Barry Goldwater’s widow says ‘yuck’ to Trump fundraiser at their old Arizona home
Jun 18, 2016, 10:06 AM

Republican presidential candidate Donald Trump speaks during a rally at the Fox Theater, Wednesday, June 15, 2016, in Atlanta. (AP Photo/John Bazemore)
(AP Photo/John Bazemore)
PHOENIX — One of Barry Goldwater’s family members is again speaking out against Donald Trump and anything that evenly remotely puts the two together.
Goldwater’s widow, Susan Goldwater Levine, told the Washington Post that her late husband, a conservative icon, would be disgusted both by Trump’s rhetoric and the fact that he will be in Goldwater’s Paradise Valley home Saturday to raise money for his campaign.
“Ugh or yuck is my response,” Levine told the Post. “I think Barry would be appalled that his home was being used for that purpose. Barry would be appalled by Mr. Trump’s behavior — the unintelligent and unfiltered and crude communications style. And he’s shallow — so, so shallow.”

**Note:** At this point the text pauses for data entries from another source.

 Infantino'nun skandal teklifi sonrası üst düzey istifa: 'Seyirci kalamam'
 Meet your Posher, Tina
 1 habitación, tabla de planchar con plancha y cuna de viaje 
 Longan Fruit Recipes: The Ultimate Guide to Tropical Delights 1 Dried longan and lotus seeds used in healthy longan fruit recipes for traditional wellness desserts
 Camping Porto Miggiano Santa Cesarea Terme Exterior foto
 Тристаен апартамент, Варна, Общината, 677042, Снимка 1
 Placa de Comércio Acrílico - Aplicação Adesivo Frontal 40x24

The house, where Goldwater first started his own presidential campaign, is no longer in the possession of the Goldwater family so although they might express their distaste for the fundraiser, they cannot stop it.
In 1998, two years after Goldwater passed away, the family sold the home to Karen and Robert Hobbs.
Robert Hobbs told the Post that he was approached by Trump’s team and asked to host the fundraiser. Although Hobbs doesn’t know Trump and he isn’t sure that Trump is conservative, “he’s who our nominee is.”
Hobbs also implied that Levine’s opinion about Trump and the fundraiser are less important because she was his second wife.
“She was his second wife; she’s not his first wife,” he said to the Post. “So she came along later in life…. She’s entitled to her opinion, but Barry was a Republican and Donald Trump’s a Republican, and we’re going to support whoever the Republican nominee is.”
The other Goldwater to express dislike for Trump in the past is Goldwater’s son, Barry Goldwater Jr., now a Republican congressman in California.
“I don’t think there’s any comparison at all with Barry Goldwater,” he told MSNBC in March.
“Donald Trump is an authoritarian. Barry Goldwater had principles, and he was a gentleman. Donald Trump is a cowboy.”